Sunday, 5 August 2012


This work was complied by myself from a great number of resources over a number of years. 
I began the study of the First World War when I was a nipper of 17 as part of a school project and it just snowballed into collecting, talking to veterans, (this was in 1984) and eventually leading to visits to what was No Mans Land around the Somme, Ypres, Mons, eerily silent fields nowadays, punctuated with the mass graves of a butchered generation which are still graciously cared for by some very dedicated individuals, and a few other places which as I recall them I shall tell you about which is the beauty, I suppose of blogging-it can be added to as you recall things and it can be reshaped into something half way decent if you put the effort in.
Being born 59 years after the end of that bloody conflict, that was scarcely talked about, and to be honest in some respects was better left that way given the number of fools, know-it-alls and extremists that have jumped on the bandwagon in recent years, I was as distant from the subject as could possibly be; I had a Great Granddad who had served without distinction, except perhaps when his latrine digging unit was attacked way behind the lines by the Kaiserschlacht German offensive in 1918 which his unit should have been safe but was overwhelmed along with a lot of others; this was possibly the only time he ever shouldered a rifle in anger. 
He was shot in the leg, his first and last injury of the war, and safely transported from the hell of digging latrines to sunny England. His Captain sent him a pound, for his trouble and they wrote each other to the end of their lives.
I had been interested in militaria for a little while (as it turned out another granddad that I never knew dealt in military surplus, and also shared with me a love of flying things so it's funny how things work out! but it took a visit to an old peoples home under orders from school, to interview old people for a project put forward by a disinterested teacher from within the comprehensive system, I met an 87 year old who had fought in a unit called the Duke of Cornwall's Light Infantry.  The what?  That sounded like something from the Napoleonic era, yet here was this regiment and lots more like them fighting knee deep in mud and mechanised warfare.  This clash interested my deeply and the interest was born. I wanted to know more and repeatedly went back with note books until he too passed on.  This in turn led to regimental association contacts and further meetings with old people.
another small event was that an old friend gave me a photo of our local company, looking well turned out, at their drill hall in Barton Upon Humber.  There was no names on the back no identification of anybody.  That had to change.  I pieced together a lot of information from then, visiting people who recognised their fathers but it was difficult as quickly I found out that of those 40 men, there loss rate was in total from that grouping about 85 per cent.  But, we did find names, others are lost in time, however we did our best and the information snowballed. 

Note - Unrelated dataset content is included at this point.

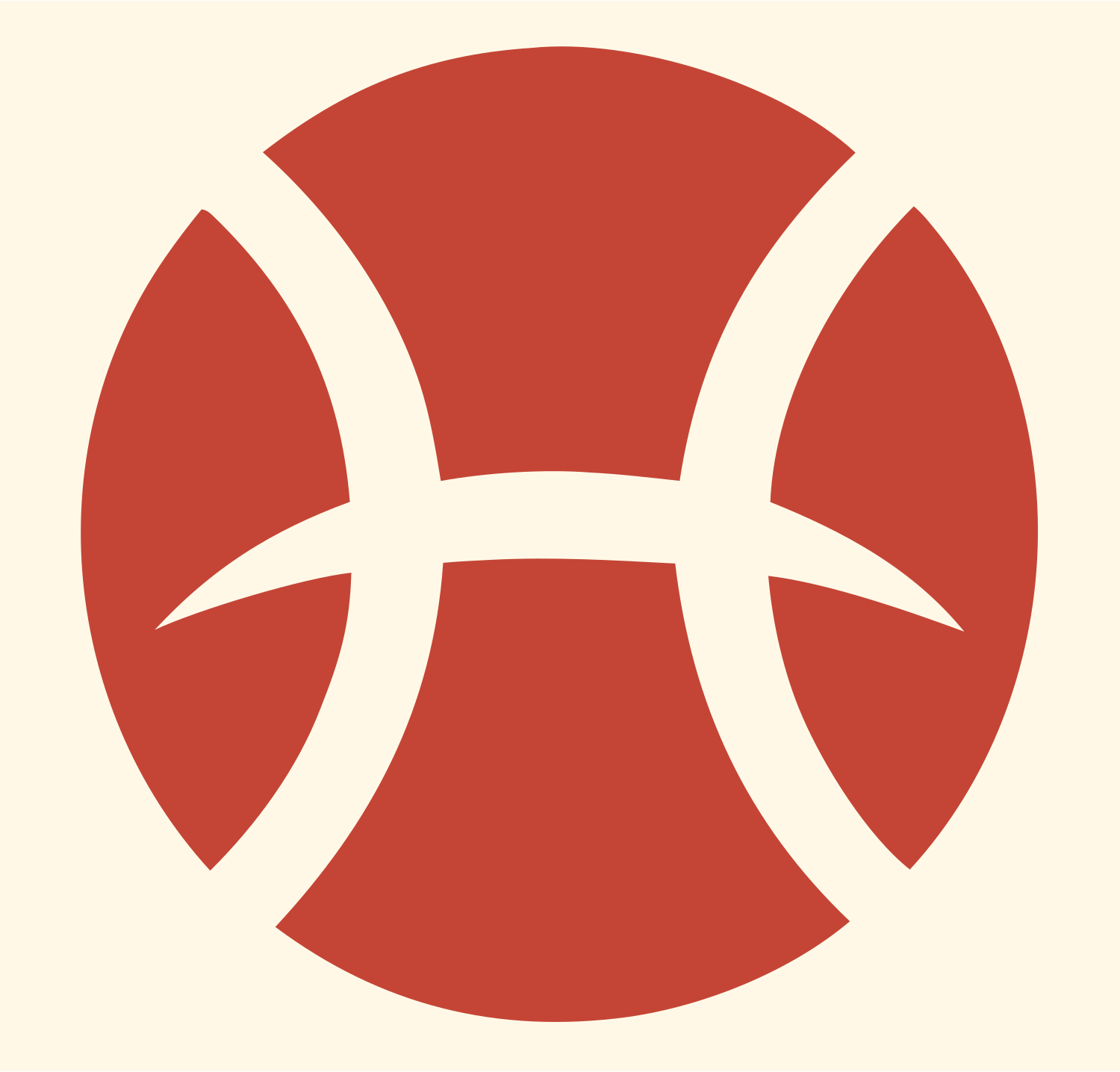 Pisces Symbol Bold Mark #fff8e7/#c44536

Anyway for now that's enough if that, lets get on with the story of Barton in the Great War.

Acknowledgements: Mr. Brian Peeps of Barton Upon Humber for access to his superb photos.
The late Mr G. Hugh Varah and his late wife Dorothy for all their help with the Barton Parish magazines, and for information that came from his photographic memory.  (Hugh was the brother of Chad of the Samaritans.  He himself served behind the German lines with SOE in the Second World War with what would have been distinction had he been permitted to talk about it.
The late Mr. Alfie Coulam, a wonderful man who successfully avoided the War thanks to a reserved occupation, and no man minded that he did, thanks to a job in the cycle industry  whose strong memory showed up a many a face from old photos.

A whole host of veterans who will be named herein, interesting varied men from whom I learned more about life than my peers could ever teach me.

The Lincolnshire Pals, a meeting group that discuss all things about our region about the Great War. 
    The many hostels and hotels including the much missed Sint. Nikolas of the main square in Ieper where I unknowingly ate things like horse meat and ox tongue, and the old lady said I was ''a very naughty boy'' for going out without breakfast Oh well.

The hospitality that is always shown on visits to Flanders fields, places like Hill 60 museum (Jacques) the Irish bar at Mesen. 

Suppose I should sign it

Sean Casey 2012 August 5th.

98 years and one day after it all started for Britain and Ireland.